* _Image-text web data_:
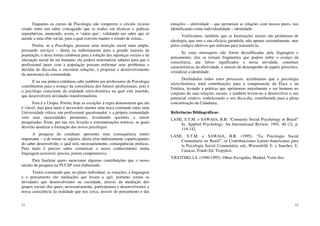 11
Enquanto os cursos de Psicologia não romperem o círculo vicioso
criado entre um saber consagrado que se traduz em técnicas e práticas
reprodutivas, mantendo, assim, o ‘status quo’, validando um saber que só
atende a uma elite social, para a qual convém manter o estado de coisas...
Porém, se a Psicologia, procurar uma inserção social mais ampla,
prestando serviços – direta ou indiretamente para a grande maioria da
população, e desta forma colaborar para a solução das injustiças sociais e da
alienação social do ser humano, ela poderá sistematizar saberes para que o
profissional junto com a população possam enfrentar seus problemas e
dúvidas do dia-a-dia, e encontrar soluções, e propiciar o desenvolvimento
da autonomia da comunidade.
E na sua prática cotidiana cabe também aos professores de Psicologia
contribuírem para o avanço da consciência dos futuros profissionais, pois é
o psicólogo consciente da realidade sócio-histórica na qual está inserido,
que desenvolverá atividades transformadoras.
Esta é a Utopia. Porém, hoje as exceções à regra demonstram que ela
é viável, mas para tanto é necessário manter uma troca constante entre uma
Universidade crítica, um profissional questionador, e a própria comunidade
com suas necessidades prementes, levantando questões a serem
pesquisadas. Estas, por sua vez, levarão a sistematizações teóricas, as quais
deverão atualizar a formação dos novos psicólogos.
A pesquisa do cotidiano apresenta uma consequência muito
importante – a de tornar os sujeitos, direta e/ou indiretamente coparticipantes
do saber desenvolvido, o qual terá, necessariamente, consequências práticas.
Para tanto é preciso saber comunicar o nosso conhecimento numa
linguagem acessível, precisa, porem compreensiva.
Para finalizar quero mencionar algumas contribuições que o nosso
núcleo de pesquisa na PUCSP vem elaborando.
Temos constatado que, no plano individual, as emoções, a linguagem
e o pensamento são mediações que levam a agir, portanto somos as
atividades que desenvolvemos na sociedade, através da mediação dos
grupos sociais dos quais, necessariamente, participamos e desenvolvemos a
nossa consciência da realidade que nos cerca, através do pensamento e das
12
emoções – afetividade – que permeiam as relações com nossos pares, nos
identificando como individualidade – identidade.
Verificamos, também, que as Instituições sociais são produtoras de
ideologia, que tem a sua eficácia garantida, não apenas racionalmente, mas
pelos códigos afetivos que utilizam para transmiti-la.
Se estas mensagens não forem decodificadas pela linguagem e
pensamento, elas se tornam fragmentos que podem inibir o avanço da
consciência, dar falsos significados a nossa atividade, constituir
características da afetividade, e através do desempenho de papéis prescritos,
cristalizar a identidade.
Deslindados todos estes processos, acreditamos que a psicologia
sócio-histórica trará contribuições para a compreensão da Ética e da
Estética, levando a práticas que aprimorem moralmente o ser humano no
conjunto de suas relações sociais, e também levem-no a desenvolver o seu
potencial criativo, embelezando o seu dia-a-dia, contribuindo para a plena
concretização da Cidadania.
Referências Bibliográficas:
LANE, S.T.M. e SAWAIA, B.B. “Comunity Social Psychology in Brasil”
In. Applied Psychology: An International Review, 1991, 40 (2), p.
119-142.
LANE, S.T.M. e SAWAIA, B.B. (1995). “La Psicologia Social
Comunitaria en Brasil”, in Contribuiciones Latino-Americanas para
la Psicologia Social Comunitária. eds, Wiesenfeld, E. e Sanchez, E.
Caracas, Fondo Ed. Tropykos.
VIGOTSKI, LS. (1990-1995). Obras Escogidas, Madrid, Vizor dist.
 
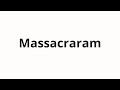 How to pronounce Massacraram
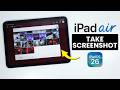 How to Take Screenshot on iPad Air M4 - Capture Screen (iPadOS 26)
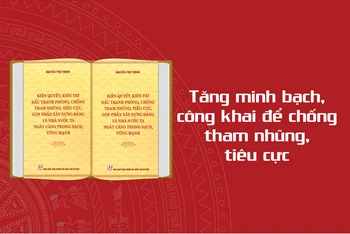 Tăng minh bạch, công khai để chống tham nhũng, tiêu cực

* _What you should do_:
Retype exactly the lines of the data above that fall between the line with "grupos sociais dos" and the line with "emoções – afetividade", inclusive, and add nothing.

* _Finished task_:
grupos sociais dos quais, necessariamente, participamos e desenvolvemos a
nossa consciência da realidade que nos cerca, através do pensamento e das
12
emoções – afetividade – que permeiam as relações com nossos pares, nos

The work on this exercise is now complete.